La Corte ha chiarito che:

• le concessioni balneari su aree costiere costituiscono una risorsa naturale scarsa e, come tali, soggette a obbligo di procedura selettiva (art. 12 direttiva 2006/123);

• il rinnovo automatico di tali concessioni è vietato dal diritto dell’Unione;

• anche se una concessione è stata originariamente assegnata prima del 28 dicembre 2009 (termine ultimo per la trasposizione della direttiva), essa rientra nell’ambito della direttiva se rinnovata dopo tale data.

La Corte richiama le sue precedenti sentenze in materia (in particolare Promoimpresa, C458/14 e C67/15, e Ginosa, C348/22) e ribadisce l’obbligo per gli Stati membri di garantire concorrenza, imparzialità e trasparenza nell’accesso al demanio costiero.

La decisione è stata adottata nella forma dell’ordinanza motivata, in virtù degli articoli 99 e 53, par. 2, del Regolamento di procedura della Corte.
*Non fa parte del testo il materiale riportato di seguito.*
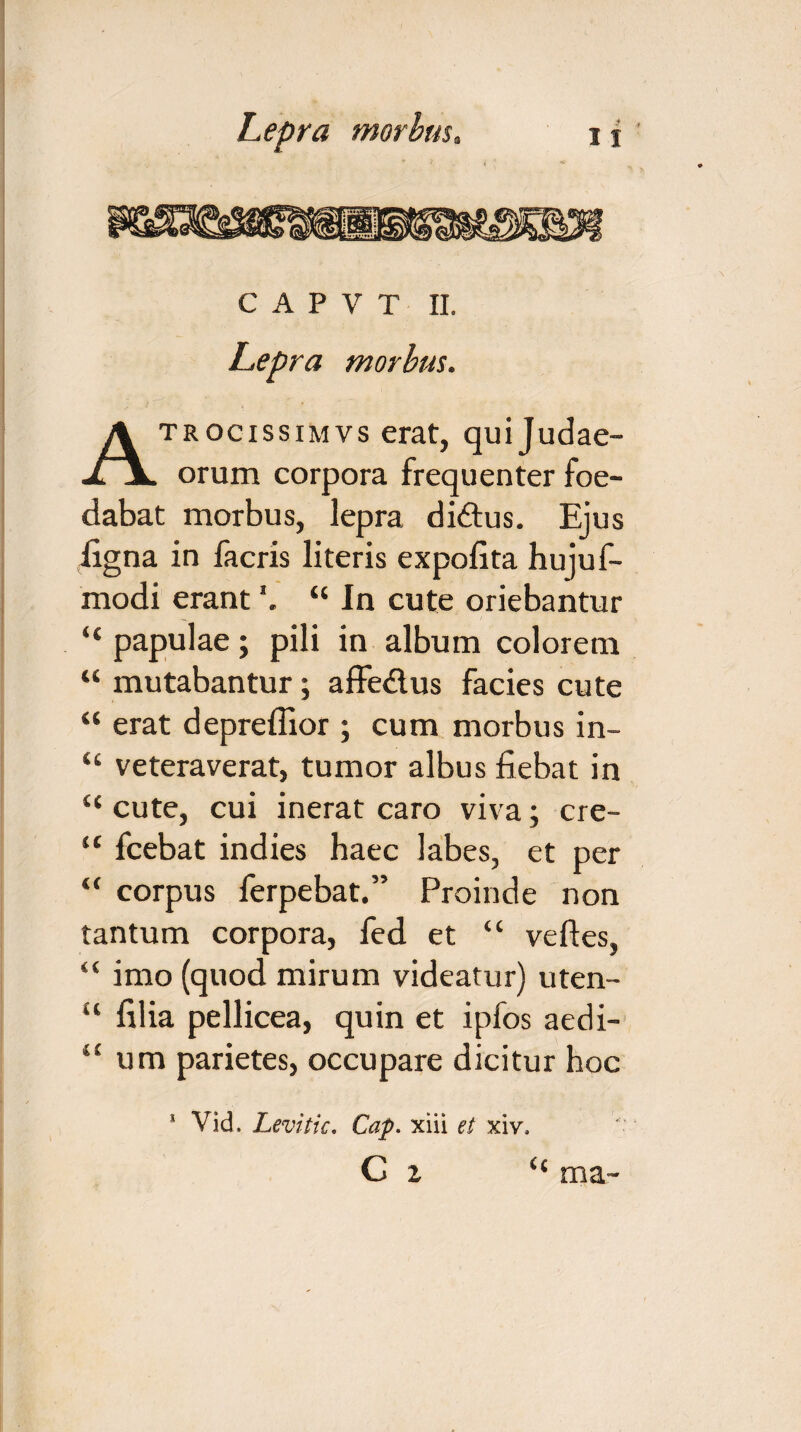 c A P v T II. Lepra morbus. Atrocissimvs erat, qui Judae¬ orum corpora frequenter foe¬ dabat morbus, lepra di£tus. Ejus ligna in facris literis expolita hujuf- modi erant *. “ In cute oriebantur “ papulae; pili in album colorem “ mutabantur; affe&us facies cute “ erat depreffior ; cum morbus in~ “ veteraverat, tumor albus fiebat in “ cute, cui inerat caro viva; cre- “ fcebat indies haec labes, et per “ corpus ferpebat.” Proinde non tantum corpora, fed et “ velles, “ imo (quod mirum videatur) uten- u lilia pellicea, quin et ipfos aedi- “ um parietes, occupare dicitur hoc 1 Vid. Levitic. Cap. xiii et xiv, C I ma-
Tale forma è significativamente utilizzata:

• quando la risposta può essere chiaramente dedotta da giurisprudenza consolidata (art. 99);

• quando il rinvio pregiudiziale è manifestamente irricevibile per carenze argomentative o documentali (art. 53, par. 2).

La Corte ha quindi agito per economia processuale, evitando una nuova sentenza poiché i principi giuridici applicabili risultavano già consolidati, e richiamando implicitamente la giurisprudenza purtroppo trascurata dal giudice nazionale.

Sebbene l’ordinanza non contenga un “rimprovero” diplomatico formale, essa rappresenta un chiaro monito giuridico e istituzionale: le proroghe automatiche o generalizzate delle concessioni – anche se disposte dal legislatore nazionale – sono contrarie al diritto dell’Unione e devono essere disapplicate da autorità amministrative e giudici nazionali.

La scelta della Corte di ricorrere a una ordinanza piuttosto che a una sentenza completa segnala dunque che l’inadempienza dell’Italia non è più oggetto di discussione giuridica, ma una violazione accertata e reiterata: la risposta con ordinanza è una dichiarazione esplicita, inequivocabile, che le questioni erano già chiaramente risolte in precedenti sentenze (come le sentenze Promoimpresa del 2016 e Ginosa del 2023), e che alcune domande del giudice italiano erano mal poste, prive di fondamento giuridico e del necessario collegamento con il caso concreto.

Insomma, l’Italia è risultata ignorante, oltre che inadempiente.

Per concludere, dunque, l’ordinanza rafforza l’obbligo, già ampiamente noto e vincolante, per lo Stato italiano di porre fine alle proroghe senza gara; di garantire la concorrenza nell’assegnazione delle aree demaniali marittime; di adeguarsi immediatamente alla normativa europea, anche in assenza di una riforma legislativa organica. Ogni ulteriore dilazione rappresenterebbe una violazione evidente del diritto UE, con potenziali conseguenze sul piano finanziario e reputazionale.